Further, where, as here, we consider a provision which arguably disqualifies a class of persons – in this case, judges – from eligibility for public office, any ambiguity in the language must be resolved in favor of the class. As explained in Lungren v. Davis (1991) 234 Cal.App.3d. 806, 830–831 (Lungren ), “[d]isqualification from public office is a significant civil disability. [Citation.] The right to hold public office is considered fundamental under the state and federal Constitutions. [Citations.] Accordingly, ‘[t]he exercise of this right should not be declared prohibited or curtailed except by plain provisions of law. Ambiguities are to be resolved in favor of eligibility to office.’ ”
Finally, because the trial court's interpretation of Section 17 did not turn on the resolution of any disputed facts, we apply a de novo standard of review. (Burden v. Snowden (1992) 2 Cal.4th 556, 562.)
3. The Plain Language of Section 17 Applies Only to Sitting Judges.
The disputed provision of Section 17 provides, in its entirety: “A judge of a court of record may not practice law and during the term for which the judge was selected is ineligible for public employment or public office other than judicial employment or judicial office, except a judge of a court of record may accept a part-time teaching position that is outside the normal hours of his or her judicial position and that does not interfere with the regular performance of his or her judicial duties while holding office. A judge of a trial court of record may, however, become eligible for election to other public office by taking a leave of absence without pay prior to filing a declaration of candidacy. Acceptance of the public office is a resignation from the office of judge.” (Section 17.)
In arguing for their differing interpretations of Section 17, the parties' briefs focused primarily on the meaning of the phrase “the term for which the judge was selected.” Gilbert argued his “term” would necessarily come to an end when he resigned or retired, leaving him free to immediately pursue other public employment no matter when that occurred. The Controller argued the “term” of an appellate court justice is defined by a set calendar period and is unaffected by whether the incumbent justice chooses to resign or retire at some earlier point.
But because Section 17, on its face, applies specifically to “a judge of a court of record,” and declares only “[a] judge of a court of record ․ is ineligible for public employment or public office” during the term for which that judge was selected, we requested the parties to provide us with supplemental briefs focusing on a different question: i.e., “[d]oes a person who has retired or resigned from judicial office still qualify as a ‘judge of a court of record,’ as that term is used in [Section 17]?” Amicus curiae, the California Judges Association (the CJA) raised a similar issue by arguing Section 17's reference to “a judge of a court of record” could include only a sitting judge.
Both parties subsequently answered our question by agreeing that, once a person has retired or resigned from a judicial office, he or she does not qualify as “a judge of a court of record” for purposes of Section 17.
We agree as well.
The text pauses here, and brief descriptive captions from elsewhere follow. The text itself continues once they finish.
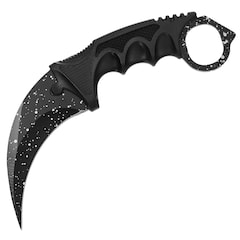 Nóż Karambit CS:GO - Dark Sky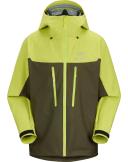 Arc'teryx Alpha Jacket Men - Jacket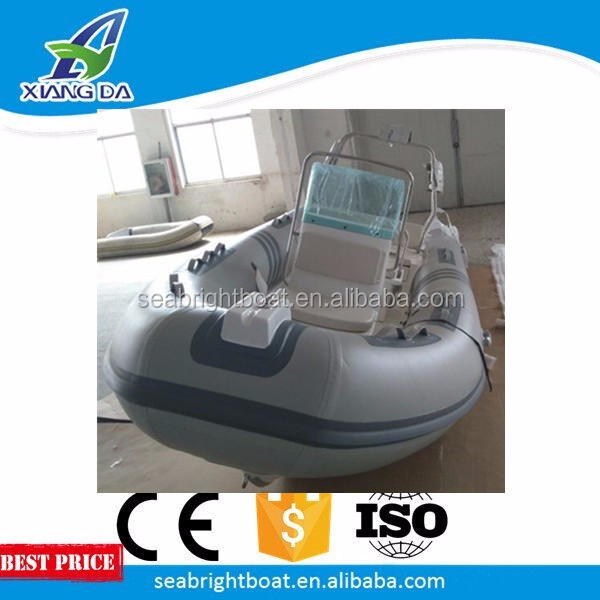 2017 luxurious cheap CE certification fiberglass boat molds for sale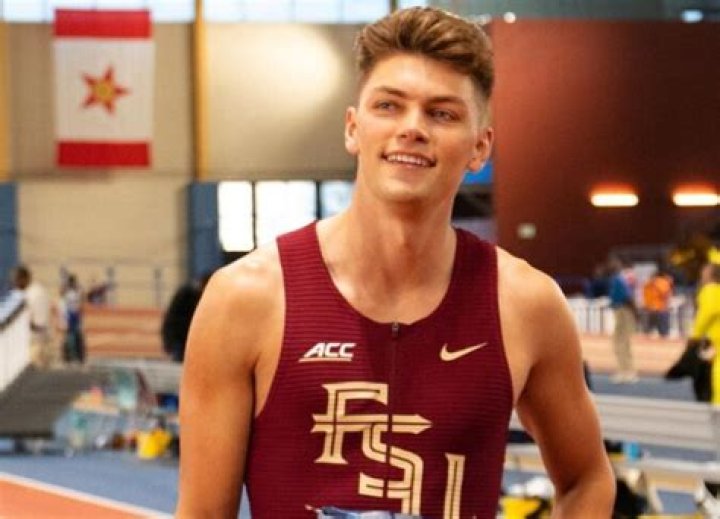 Trey Cunningham Height, Weight, Net Worth, Age, Birthday, Wikipedia, Who, Nationality, Biography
If the phrase “a judge of a court of record” were construed to include persons who had resigned or retired from the judiciary, then the first clause of Section 17, which states “[a] judge of a court of record may not practice law,” would prohibit such a person from thereafter practicing law. No court or other authority has ever taken that position. And in response to our request for supplemental briefing, the Controller expressly eschewed any such belief. Moreover, if the phrase were not limited to persons who are sitting judges, then section 19 of Article VI, which specifies the Legislature “shall prescribe compensation for judges of courts of record” (Cal. Const., art. VI, § 19) would seem to provide that judges who have resigned from office would nonetheless be entitled to continued compensation. (See Hayes v. Commission on State Mandates (1992) 11 Cal.App.4th, 1564, 1595 [“As a general rule and unless the context clearly requires otherwise, we must assume that the meaning of a term or phrase is consistent throughout the entire act or constitutional article of which it is a part”].) If that were true, it would be a significant departure from current practice. It is not. The term “a judge of a court of record” refers only to a sitting judge.
Because the disputed provision of Section 17 renders only “a judge of a court of record” ineligible for other public office or public employment, and that phrase refers only to a sitting judge, we conclude this provision is unambiguous on its face. Section 17 renders only a sitting judge ineligible for other public office or public employment during the term for which that judge was selected. Thus, it does not prohibit any person who has resigned or retired from a judicial office – as Gilbert contemplates doing – from immediately commencing public service in another capacity. Stated another way, Section 17's prohibition against judges serving in other public capacities is inapplicable to former judges.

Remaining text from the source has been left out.